Mesmo assim, num momento em que Sheryl promove \"Faça Acontecer\", não posso deixar de sentir que há certo grau de ironia no caso. Nas duas primeiras décadas de sua carreira, batalhou para ser levada a sério, de uma forma que desconsiderasse a questão de gênero; mas, se a campanha for bem-sucedida, ela poderá acabar sendo mais conhecida por discutir questões femininas do que pelo papel que desempenha no Facebook. \"Você se preocupa com o seu legado?\", pergunto. Ela ri. \"Tenho só 43 anos. Acho que sou um tanto jovem demais para me preocupar com meu legado!\"
Caio na risada também. No entanto, continuo dividida entre a admiração que tenho pela coragem dela em sair da toca - e a agitação pela reação que desencadeou. \"Há alguma coisa que a faça se arrepender de ter escrito o livro?\" Ela nega vigorosamente num movimento de cabeça. \"Mesmo?\" Por um momento seu sorriso jovial se desfaz devagar e as palavras vêm com velocidade, força e sinceridade extraordinárias. 

\"Eu me importo com as críticas? Não! Entendo perfeitamente que a discussão é acalorada e desperta paixões, de ambos os lados - e, na verdade, fico agradecida por isso. Defendo na obra uma mudança muito profunda e a realidade é que não existe mudança sem discussão acalorada. 
Precisamos de emoção, raiva, discussão. Se meu livro é capaz de promover isso, que bom! O pior é a estagnação, sobre a qual ninguém fala.\"
Dou uma olhada no relógio: o tempo reservado para a entrevista se esgotou. Ela aparece acenando na tela e desaparece para ir jogar beisebol. Não tenho dúvidas de que vai se conectar à noite em casa para ver coisas do trabalho. E, de minha parte, parto para o meu \"malabarismo de mãe\". Escrevo este artigo num avião, no voo que me traz de volta das férias com minhas filhas.

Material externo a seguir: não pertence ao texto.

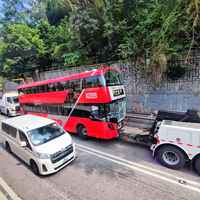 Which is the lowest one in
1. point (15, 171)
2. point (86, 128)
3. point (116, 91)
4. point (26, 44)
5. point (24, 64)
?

Isso não é bem o tipo de feminismo que alguém da minha geração imagina; essa confusa combinação entre família e trabalho também não é um estilo de vida que todas as mulheres escolheriam. Mas espero que, quando minhas filhas forem adultas, mulheres de sucesso que fazem malabarismo como Sheryl não pareçam mais tão extraordinárias. Se isso realmente acontecer, será o verdadeiro progresso.